◆ Exercise
From the data below, return the exact lines starting at the line containing "USA 250th Anniversary" and ending at the line containing "Diamicron uno 60", both included, and nothing else.

◆ Input data

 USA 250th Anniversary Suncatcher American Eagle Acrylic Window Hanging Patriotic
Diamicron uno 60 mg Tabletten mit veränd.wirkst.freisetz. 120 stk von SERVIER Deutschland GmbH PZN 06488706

==

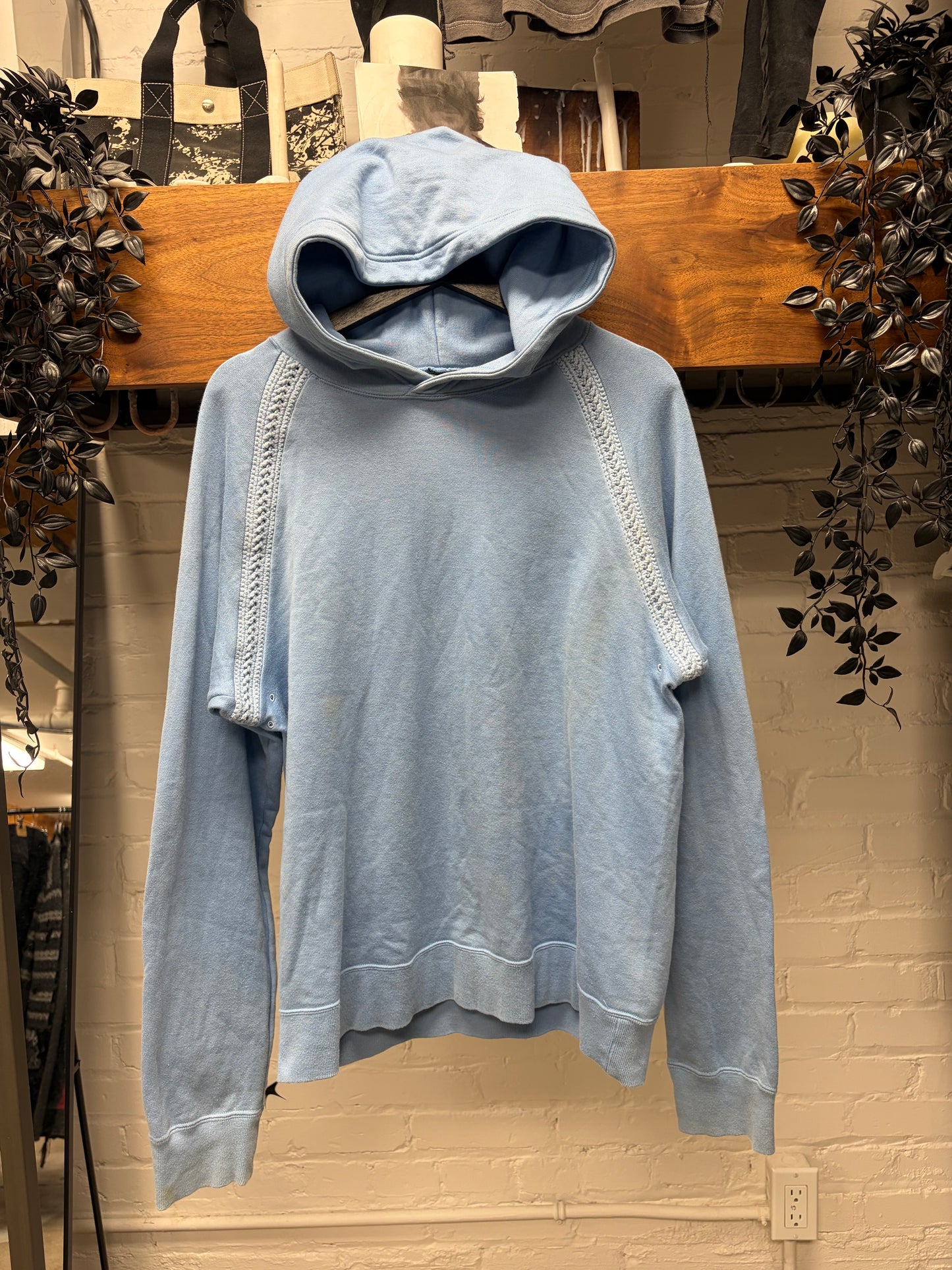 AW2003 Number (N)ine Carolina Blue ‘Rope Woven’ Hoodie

◆ Answer to this task
 USA 250th Anniversary Suncatcher American Eagle Acrylic Window Hanging Patriotic
Diamicron uno 60 mg Tabletten mit veränd.wirkst.freisetz. 120 stk von SERVIER Deutschland GmbH PZN 06488706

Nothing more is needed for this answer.